Prosegue l’attività di contrasto al lavoro nero e al caporalato dei carabinieri del Nucleo Ispettorato Lavoro e del Comando Provinciale di Catania, in sinergia con Ispettorato del Lavoro civile e su impulso del Direttore Territoriale del Lavoro. Parallelamente ai controlli in agricoltura dell’ultima settimana, i militari hanno proseguito le ispezioni in edilizia e in altri settori merceologici continuando a scoprire lavoro nero e rapporti di lavoro irregolari, nonché evasione fiscale e contributiva.
A Paternò, in un cantiere, sono stati scoperti altri 2 lavoratori in nero su 3 presenti: adottata la sospensione dell’attività imprenditoriale ed elevata una maxisanzione. Due imprenditori sono stati denunciati per il mancato allestimento dei parapetti per il lavori in quota, la mancata copertura delle aperture nel vuoto, l’omessa distribuzione dei dispositivi di protezione individuale ai lavoratori.

 

Il bilancio dei controlli nel resto della provincia – in due settimane – riporta:
11 lavoratori in nero e 11 irregolari con conseguente maxi sanzione di 4.000 Euro per singolo lavoratore e 5 sospensioni di attività imprenditoriale; ammende per 58.668 Euro; sanzioni amministrative per 104.233 Euro; recupero per contributi e premi assistenziali per 77.400 Euro; sanzioni relative a recuperi INPS per 8.900 Euro.

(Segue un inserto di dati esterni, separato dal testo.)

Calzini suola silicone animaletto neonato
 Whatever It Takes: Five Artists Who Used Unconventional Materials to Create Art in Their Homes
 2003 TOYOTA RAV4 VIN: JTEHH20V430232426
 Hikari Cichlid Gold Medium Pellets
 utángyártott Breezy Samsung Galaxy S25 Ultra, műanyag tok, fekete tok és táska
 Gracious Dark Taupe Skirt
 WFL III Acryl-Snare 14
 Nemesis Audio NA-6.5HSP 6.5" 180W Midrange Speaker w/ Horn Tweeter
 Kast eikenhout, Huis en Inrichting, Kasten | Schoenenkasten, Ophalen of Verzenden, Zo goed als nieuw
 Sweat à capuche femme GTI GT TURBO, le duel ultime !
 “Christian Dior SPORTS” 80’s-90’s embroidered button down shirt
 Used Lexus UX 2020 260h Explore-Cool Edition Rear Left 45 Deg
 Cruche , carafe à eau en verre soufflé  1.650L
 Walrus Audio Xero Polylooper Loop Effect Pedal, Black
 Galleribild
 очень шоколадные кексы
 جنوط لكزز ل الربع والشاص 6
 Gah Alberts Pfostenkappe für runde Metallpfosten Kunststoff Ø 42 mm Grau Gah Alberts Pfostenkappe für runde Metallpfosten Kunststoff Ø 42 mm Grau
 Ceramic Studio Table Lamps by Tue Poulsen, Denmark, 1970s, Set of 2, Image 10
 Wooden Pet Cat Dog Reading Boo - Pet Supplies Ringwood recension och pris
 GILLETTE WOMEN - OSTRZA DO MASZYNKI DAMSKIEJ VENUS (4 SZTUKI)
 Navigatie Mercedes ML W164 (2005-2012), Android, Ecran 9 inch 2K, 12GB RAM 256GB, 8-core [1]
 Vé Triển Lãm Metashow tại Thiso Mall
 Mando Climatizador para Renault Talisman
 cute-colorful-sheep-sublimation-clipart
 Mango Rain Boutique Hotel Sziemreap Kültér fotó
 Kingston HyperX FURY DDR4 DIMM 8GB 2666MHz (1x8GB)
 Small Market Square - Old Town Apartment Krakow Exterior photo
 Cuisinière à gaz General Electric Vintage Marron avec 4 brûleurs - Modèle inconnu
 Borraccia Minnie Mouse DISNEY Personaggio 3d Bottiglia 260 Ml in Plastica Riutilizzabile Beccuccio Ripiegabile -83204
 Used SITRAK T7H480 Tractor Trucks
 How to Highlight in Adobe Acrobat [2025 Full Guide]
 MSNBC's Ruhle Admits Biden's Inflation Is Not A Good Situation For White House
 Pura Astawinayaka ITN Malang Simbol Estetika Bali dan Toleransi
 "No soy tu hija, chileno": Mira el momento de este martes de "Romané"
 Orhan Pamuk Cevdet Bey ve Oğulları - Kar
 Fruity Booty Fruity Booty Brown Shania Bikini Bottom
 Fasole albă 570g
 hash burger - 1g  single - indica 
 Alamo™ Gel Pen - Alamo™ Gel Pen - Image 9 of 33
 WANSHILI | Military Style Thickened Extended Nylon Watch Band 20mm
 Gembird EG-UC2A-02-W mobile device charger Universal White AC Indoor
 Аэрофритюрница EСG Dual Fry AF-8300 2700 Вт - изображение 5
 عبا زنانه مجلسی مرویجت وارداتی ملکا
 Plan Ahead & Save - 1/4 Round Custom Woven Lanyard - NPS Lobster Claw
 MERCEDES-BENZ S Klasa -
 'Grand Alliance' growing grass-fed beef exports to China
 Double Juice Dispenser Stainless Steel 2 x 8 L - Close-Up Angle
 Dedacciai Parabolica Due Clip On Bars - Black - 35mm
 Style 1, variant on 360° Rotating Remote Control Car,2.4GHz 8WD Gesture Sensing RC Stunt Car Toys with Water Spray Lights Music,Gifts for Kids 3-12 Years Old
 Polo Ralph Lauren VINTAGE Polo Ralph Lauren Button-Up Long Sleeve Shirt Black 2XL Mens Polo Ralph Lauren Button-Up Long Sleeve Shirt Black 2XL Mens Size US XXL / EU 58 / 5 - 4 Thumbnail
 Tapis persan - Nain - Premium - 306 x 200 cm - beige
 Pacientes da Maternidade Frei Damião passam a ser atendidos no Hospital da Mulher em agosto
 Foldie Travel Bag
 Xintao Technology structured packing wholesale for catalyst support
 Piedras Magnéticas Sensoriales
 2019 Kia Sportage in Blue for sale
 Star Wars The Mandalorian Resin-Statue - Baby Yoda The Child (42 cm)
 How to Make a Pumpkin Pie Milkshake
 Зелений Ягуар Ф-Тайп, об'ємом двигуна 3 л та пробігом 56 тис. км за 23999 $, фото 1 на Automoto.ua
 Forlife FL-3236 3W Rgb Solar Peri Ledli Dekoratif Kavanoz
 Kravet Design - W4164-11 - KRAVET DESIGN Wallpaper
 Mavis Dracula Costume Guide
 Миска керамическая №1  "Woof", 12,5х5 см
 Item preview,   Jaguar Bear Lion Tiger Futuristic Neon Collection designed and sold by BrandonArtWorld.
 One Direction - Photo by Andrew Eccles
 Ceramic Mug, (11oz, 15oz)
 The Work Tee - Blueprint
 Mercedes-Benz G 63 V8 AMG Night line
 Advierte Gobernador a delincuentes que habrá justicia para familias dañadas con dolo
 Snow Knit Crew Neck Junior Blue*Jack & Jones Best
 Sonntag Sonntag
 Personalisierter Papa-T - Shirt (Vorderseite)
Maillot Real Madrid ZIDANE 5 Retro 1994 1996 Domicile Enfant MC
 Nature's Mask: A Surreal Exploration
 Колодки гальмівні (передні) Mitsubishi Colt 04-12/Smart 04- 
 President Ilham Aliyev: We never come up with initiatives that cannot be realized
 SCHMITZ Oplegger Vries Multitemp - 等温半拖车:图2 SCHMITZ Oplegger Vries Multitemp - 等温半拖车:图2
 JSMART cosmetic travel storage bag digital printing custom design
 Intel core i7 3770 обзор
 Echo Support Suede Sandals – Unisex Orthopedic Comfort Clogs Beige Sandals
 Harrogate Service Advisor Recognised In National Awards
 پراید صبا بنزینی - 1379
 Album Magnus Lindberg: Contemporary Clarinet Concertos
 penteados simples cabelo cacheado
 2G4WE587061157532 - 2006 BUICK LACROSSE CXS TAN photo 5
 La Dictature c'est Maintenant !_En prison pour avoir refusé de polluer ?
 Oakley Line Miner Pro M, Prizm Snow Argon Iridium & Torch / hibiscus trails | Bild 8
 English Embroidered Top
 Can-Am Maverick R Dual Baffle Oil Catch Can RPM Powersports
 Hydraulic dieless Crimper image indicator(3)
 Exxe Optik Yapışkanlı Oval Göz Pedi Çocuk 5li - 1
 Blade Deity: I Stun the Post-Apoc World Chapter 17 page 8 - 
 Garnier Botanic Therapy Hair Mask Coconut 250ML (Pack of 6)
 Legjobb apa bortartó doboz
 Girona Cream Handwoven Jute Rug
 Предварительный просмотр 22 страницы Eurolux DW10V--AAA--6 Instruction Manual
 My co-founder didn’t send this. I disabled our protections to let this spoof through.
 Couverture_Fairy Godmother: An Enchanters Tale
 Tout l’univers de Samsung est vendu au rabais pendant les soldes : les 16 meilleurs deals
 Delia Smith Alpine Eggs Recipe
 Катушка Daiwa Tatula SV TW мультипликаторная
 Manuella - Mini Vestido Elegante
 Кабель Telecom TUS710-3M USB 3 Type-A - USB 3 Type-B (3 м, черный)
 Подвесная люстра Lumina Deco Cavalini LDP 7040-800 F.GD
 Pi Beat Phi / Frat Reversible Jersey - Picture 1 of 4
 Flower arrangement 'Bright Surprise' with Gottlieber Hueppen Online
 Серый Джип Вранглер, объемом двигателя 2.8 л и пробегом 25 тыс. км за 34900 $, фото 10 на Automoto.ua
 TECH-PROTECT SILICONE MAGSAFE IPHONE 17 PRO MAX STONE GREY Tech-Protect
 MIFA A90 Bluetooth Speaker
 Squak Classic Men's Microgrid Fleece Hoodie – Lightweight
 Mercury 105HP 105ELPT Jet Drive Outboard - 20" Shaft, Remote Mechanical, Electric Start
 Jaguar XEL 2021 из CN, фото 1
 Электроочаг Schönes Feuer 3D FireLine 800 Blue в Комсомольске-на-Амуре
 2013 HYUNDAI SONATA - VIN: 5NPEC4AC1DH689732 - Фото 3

Altre irregolarità sono state riscontrate in cantieri di Mascali, Catania, Acireale e in esercizi commerciali di Catania.
I Carabinieri del Comando Provinciale e del NIL sottolineano nel comunicato stampa nel quale tracciano il bilancio dell’attività, di rimanere a disposizione dei cittadini per ricevere segnalazioni e denunce in materia giuslavoristica e di sicurezza in edilizia, ma anche per perseguire ogni forma di caporalato nelle campagne catanesi e oltre.